# Stupid Z3Py Tricks: Verifying Sorting Networks off of Wikipedia

Sorting networks are a circuit flavored take on sorting. Although you can build circuits for any size input, any particular circuit works for a fixed sized input. They are like an unrolling of the loops or recursion of more familiar sorting algorithms. They come up also in the context of parallel and gpu sorting

Here’s an interesting thing. We can go to Wikipedia and get a little python snippet for the comparison order of a Batcher odd-even mergesort. Kind of a confusing algorithm. Why does it even work? Is it even right? It’s written in some kind of funky, indexful generator style.

Source: Wikipedia

```
#direct from https://en.wikipedia.org/wiki/Batcher_odd%E2%80%93even_mergesort
def oddeven_merge(lo: int, hi: int, r: int):
step = r * 2
if step < hi - lo:
yield from oddeven_merge(lo, hi, step)
yield from oddeven_merge(lo + r, hi, step)
yield from [(i, i + r) for i in range(lo + r, hi - r, step)]
else:
yield (lo, lo + r)
def oddeven_merge_sort_range(lo: int, hi: int):
""" sort the part of x with indices between lo and hi.
Note: endpoints (lo and hi) are included.
"""
if (hi - lo) >= 1:
# if there is more than one element, split the input
# down the middle and first sort the first and second
# half, followed by merging them.
mid = lo + ((hi - lo) // 2)
yield from oddeven_merge_sort_range(lo, mid)
yield from oddeven_merge_sort_range(mid + 1, hi)
yield from oddeven_merge(lo, hi, 1)
def oddeven_merge_sort(length: int):
""" "length" is the length of the list to be sorted.
Returns a list of pairs of indices starting with 0 """
yield from oddeven_merge_sort_range(0, length - 1)
def compare_and_swap(x, a, b) -> None:
if x[a] > x[b]:
x[a], x[b] = x[b], x[a]
```

Well we can confirm this relatively straightforwardly using z3 by replacing the implementation of compare_and_swap with its z3 equivalent. We then ask z3 .

```
def compare_and_swap_z3(x,y):
x1, y2 = FreshInt(), FreshInt()
c = If(x <= y, And(x1 == x, y1 == y) , And(x1 == y, y1 == x) )
return x1, y1, c
N = 64 # size of sorting network
s = Solver()
a = [Int(f"x_{i}") for i in range(N)] #build initial array in z3 variables
pairs_to_compare = list(oddeven_merge_sort(N)) #get sequence of compare and swaps to use
a_orig = a.copy()
for i,j in pairs_to_compare:
x = a[i]
y = a[j]
x1,y1,c = compare_and_swap_z3(x,y)
a[i] = x1
a[j] = y1
s.add(c)
def sorted_list(x): # list is sorted
return And([x <= y for x,y in zip(x , x[1:])])
def in_list(x,a): # x is in the list of a
return Or([x == y for y in a])
def sub_list(a, b): # all elements of a appear in b
return And([in_list(x,a) for x in b ])
def same_elems(a,b): # a contains the same elements as b
return And(sub_list(a,b), sub_list(b,a))
s.add(Not(And(sorted_pred(a), same_elems(a_orig,a) )))
s.check()
```

This comes back unsat, hence there are no inputs or executions that do not come back sorted. If I delete some elements from pair_to_compare, it comes back sat, showing that it doesn’t always sort.

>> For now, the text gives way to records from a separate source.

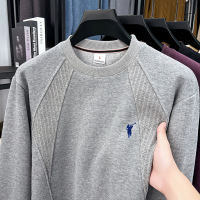 重磅加厚卫衣男秋季新款时尚青年落肩宽松潮流长袖男士打底衫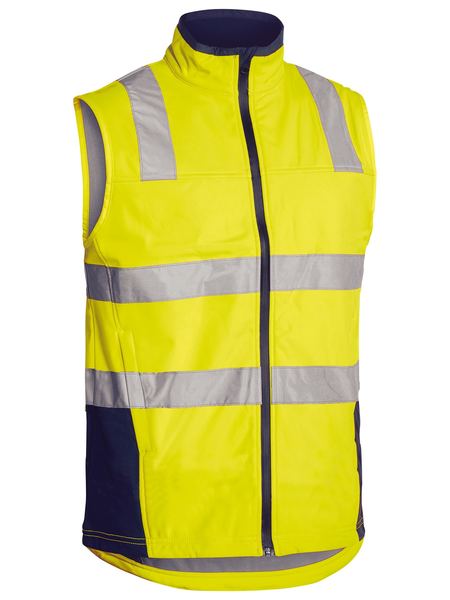 BV0348T-Taped Hi Vis Soft Shell Vest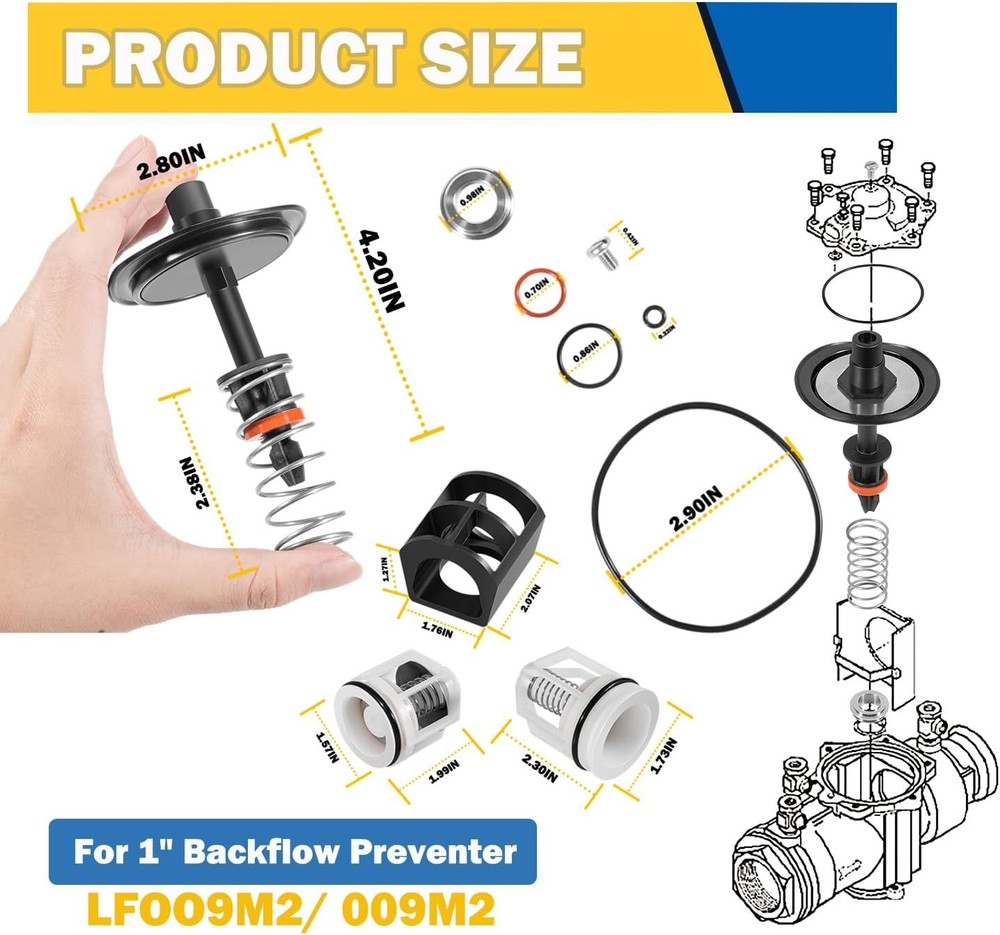 Water System Reduced Pressure Repair Kit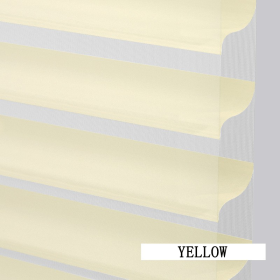 WELLSOURCE Manual 2"Shangri-la Blinds Non Blackout Light Filtering for Home, Office, Hotel, Club, Restaurant Custom Made Size (Color: Yellow(Light Filtering), size: Custom Size)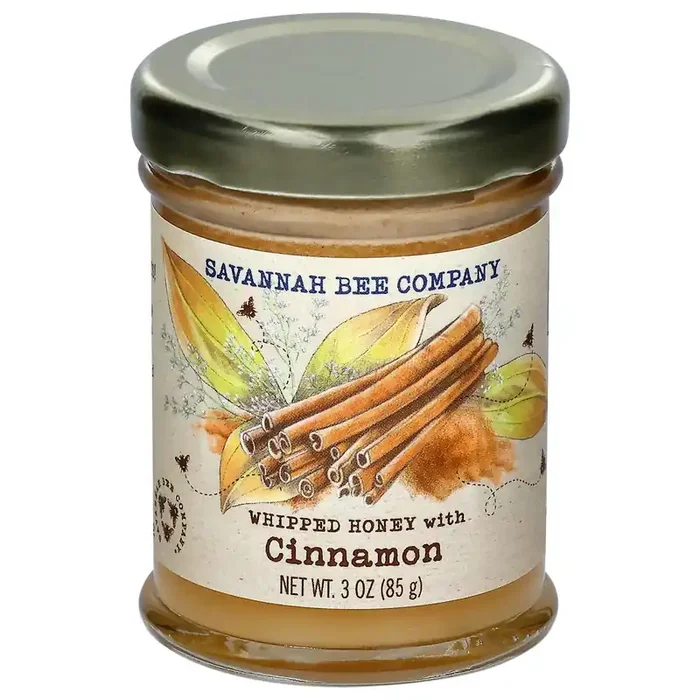 Savannah Bee Company Cinnamon Whipped Honey 3 oz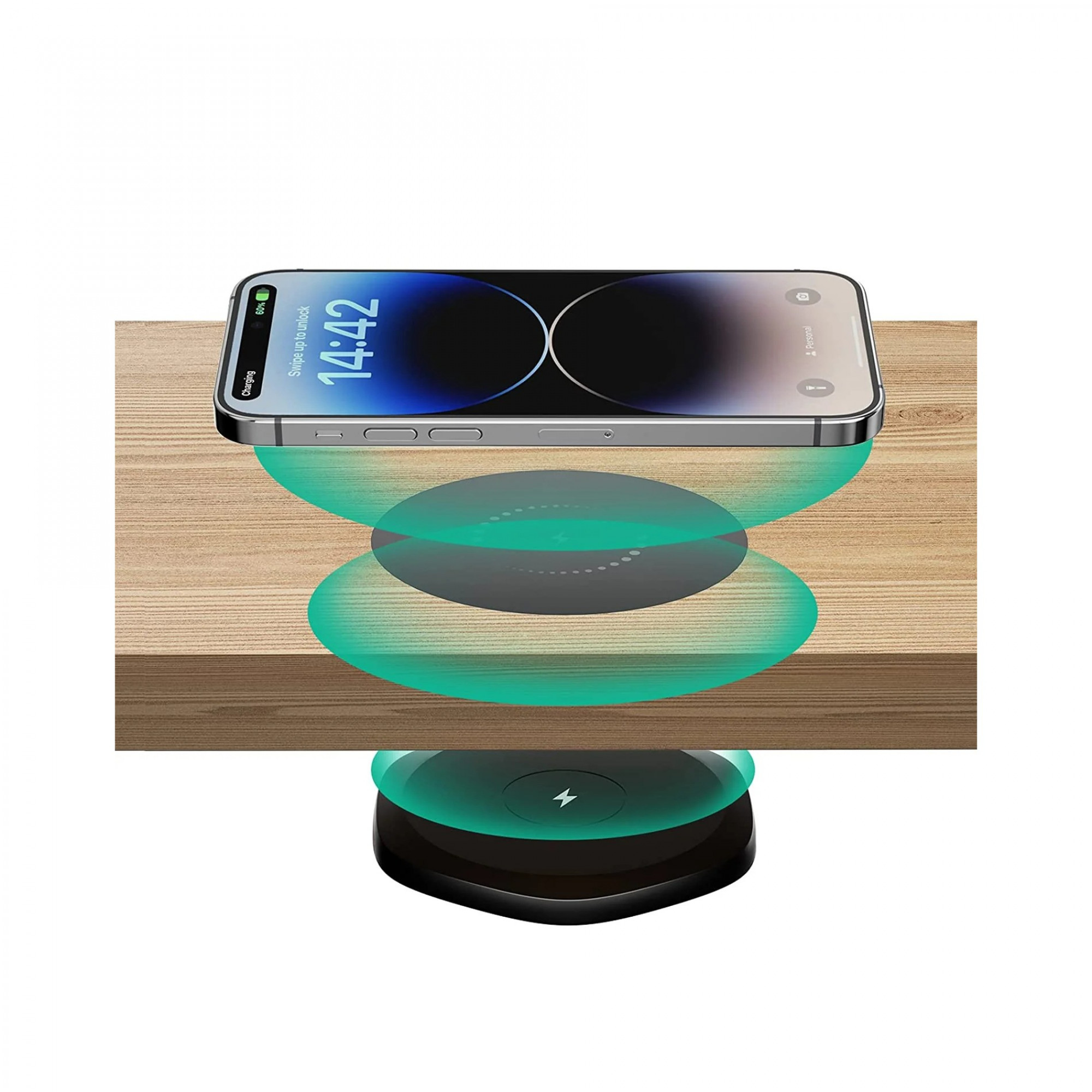 Бездротовий зарядний пристрій KPON C-30 Invisible Wireless Charger
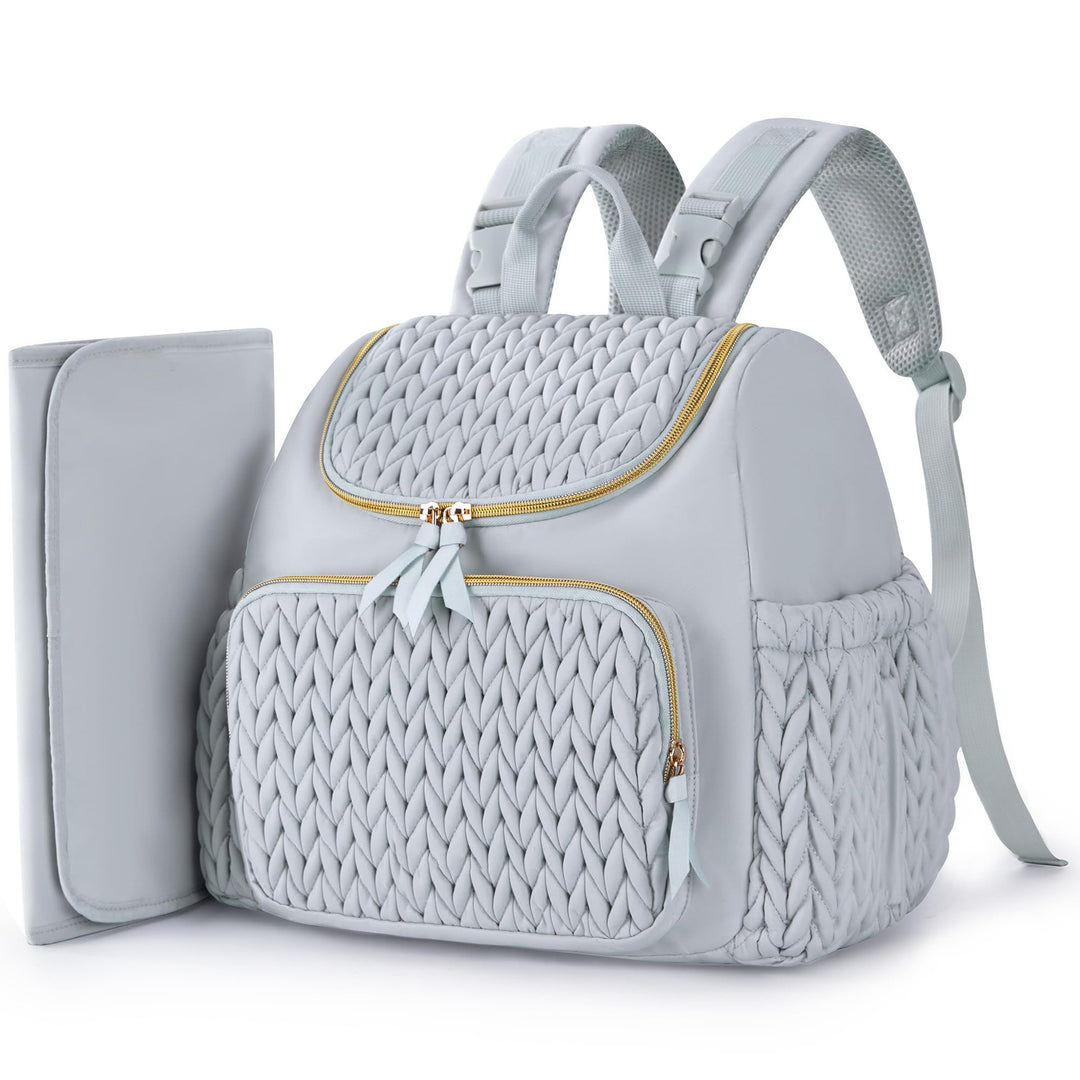 Women's Fashion Backpack with Woven Design Bowlift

The trick here is that the circuit is fixed size, so we have no need for induction, one of the main things z3 is rather finicky at.

It’s somewhat interesting to note that the output of odd_even_merge is a sequence of instructions, we can think of this as interpreting a very small 1 instruction programming language.

We can also confirm similarly a simple odd-even bubblesort and other similar algorithms.

```
def even_comp(l):
for x in [(i, i + 1) for i in range(0,l-1,2)]:
yield x
def odd_comp(l):
for x in [(i, i + 1) for i in range(1,l-1,2)]:
yield x
def even_odd(l, n):
for j in range(n):
for x in even_comp(l):
yield x
for x in odd_comp(l):
yield x
def bubble(l):
for x in even_odd(l,l//2):
yield x
```

Q: What about using uninterpreted sorts rather than integers? Integers is pretty convincing to me.

same_elems is slightly weaker than a permutation predicate. Wasn’t super obvious to me the best way to do a permutation predicate in z3. Would I want to internalize the array?

Edit: Upon further thought, actually the sort IS a nice predicate for permutation. How do we compute if two things are permutations of each other? By sorting them and forcing a zipped equality. Alternatively count the number of each element (a piece of bucket sort). Since this sort is done by composing swaps, it is somewhat intrinsically a permutation

As a bummer though, I think randomized testing on arrays would be equally or perhaps more convincing of the correctness of the algorithm. Oh well.